Given the limited supply in the short to medium term, vaccines are likely to be prioritized for health workers at high risk of acquiring or transmitting infection and older adults, the WHO stated.

Eventually, vaccination efforts will expand to target diverse populations not typically reached with immunization programmes, both across and within countries. But research has shown that it is not enough to provide information on vaccines to encourage their uptake, the WHO stated.

Major hurdle or challenge facing COVID-19 vaccine programme - Acceptance

Meanwhile, there’s uncertainty over the acceptance of the Coronavirus vaccine among the people worldwide.

“Even after we have overcome the imminent challenges of sufficient supply, efficient rollout and equitable access, a range of well-designed programme strategies will be needed to drive acceptance and uptake,” the WHO stated.
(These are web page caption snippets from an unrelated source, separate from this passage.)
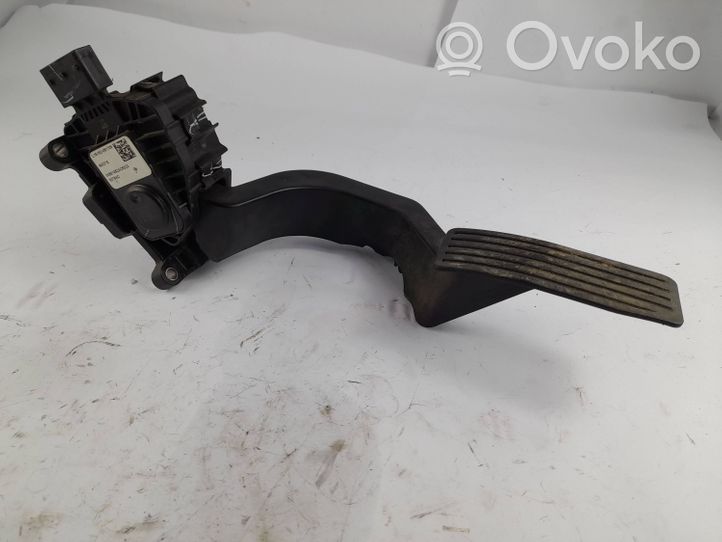 Jeep Cherokee Akceleratoriaus pedalas 04581652AC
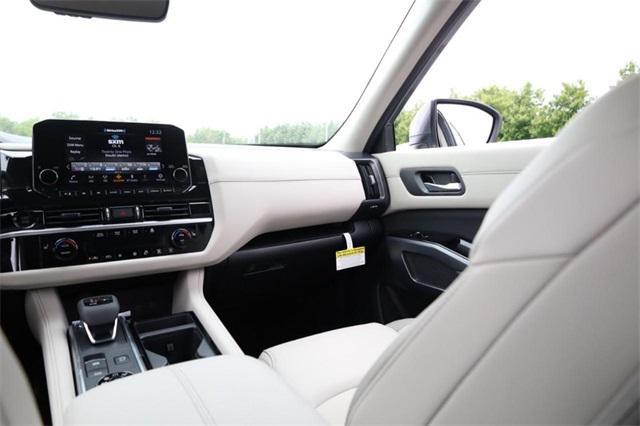 new 2025 Nissan Pathfinder car, priced at $41,155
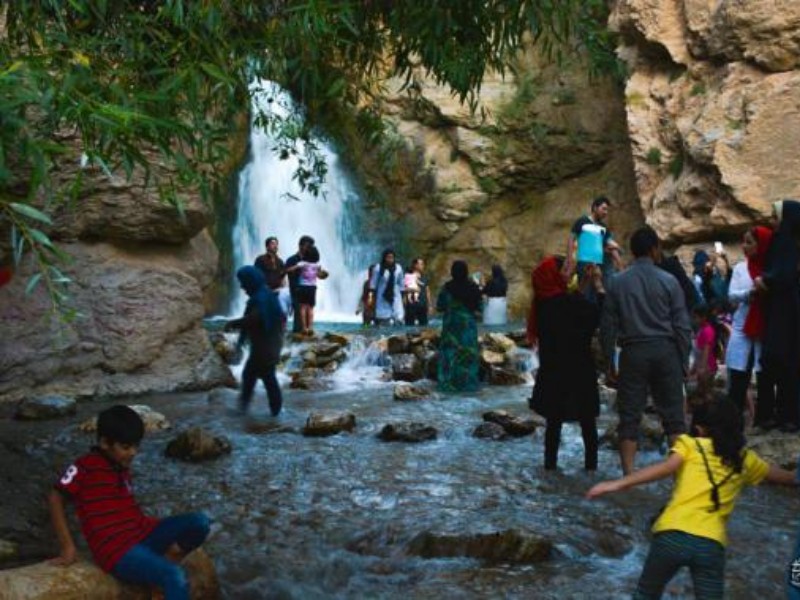 دمای هوای صحنه خنک تر می شود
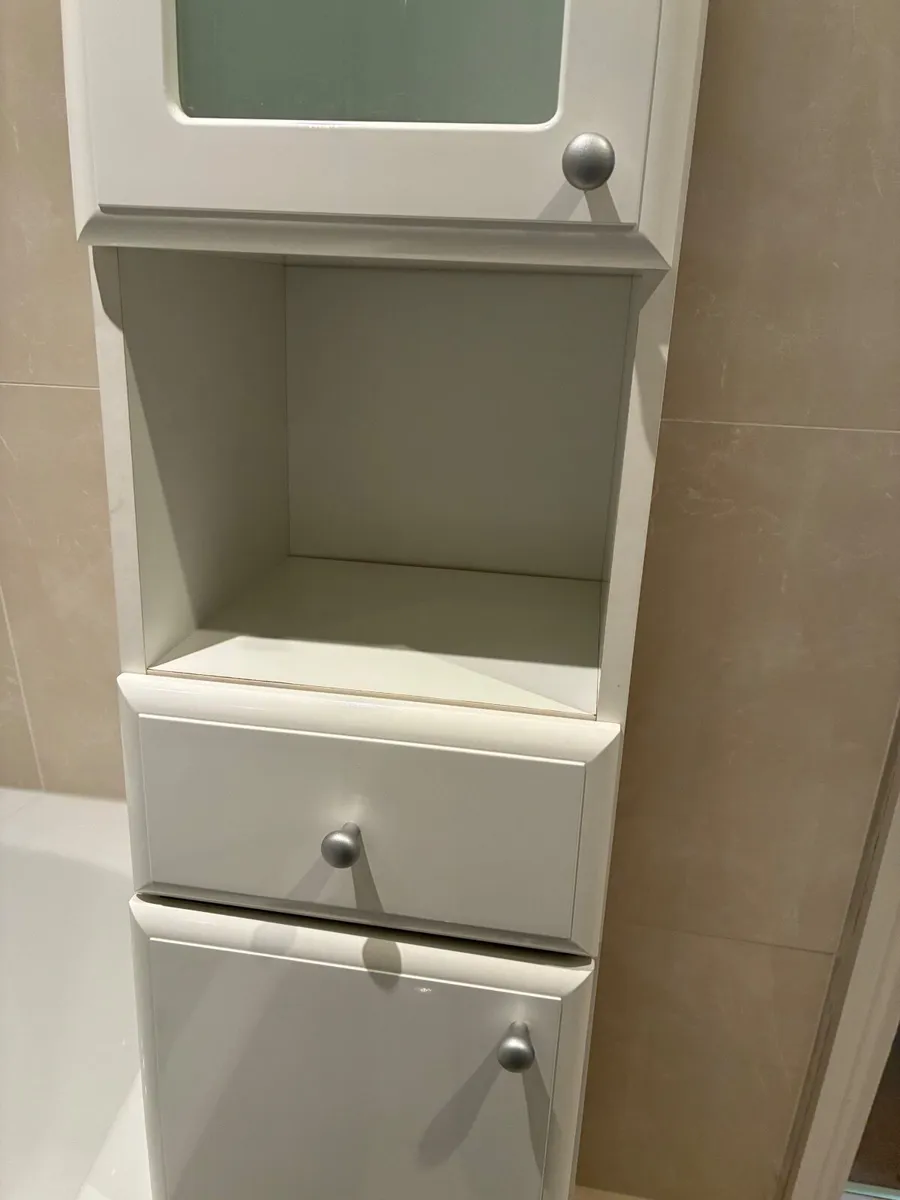 Bathroom cabinet for sale - Dun Laoghaire - Image 3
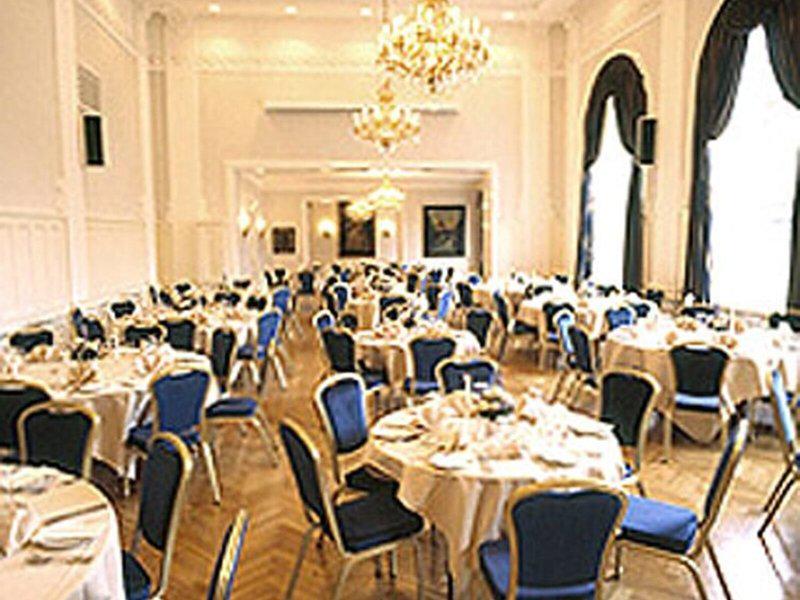 E59CEF1879585DF25271554DBBB35AE7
The WHO Technical Advisory Group (TAG) on Behavioural Insights and Sciences for Health has published a report outlining the factors that drive people’s behaviour when it comes to vaccines: an enabling environment, social influences, and motivation. It recommends addressing those drivers to encourage communities to accept and take up vaccination.

According to the WHO: First, we must make it easy, quick and affordable to get vaccinated, especially for the large proportion of people who are not deliberately avoiding vaccination. What might seem to be reluctance, resistance or even opposition, might actually be a response to the burdens or inconvenience of getting vaccinated, the WHO said.

Immunization rollout plans need to consider factors such as the convenience of location and time, associated costs, and the quality of the experience of being vaccinated. For instance, if the default in schools is to vaccinate all students, with the provision of allowing those who object to opt out, then vaccination rates will likely be higher than if the default is to provide vaccination only to those who opt in.

Making vaccines easily accessible in safe, familiar and convenient locations, such as “drop-in” clinics that are near where people often go, can also encourage uptake. This should be accompanied by targeted, credible and clear communication from trusted sources demonstrating that getting vaccinated is important, beneficial, easy, quick and affordable.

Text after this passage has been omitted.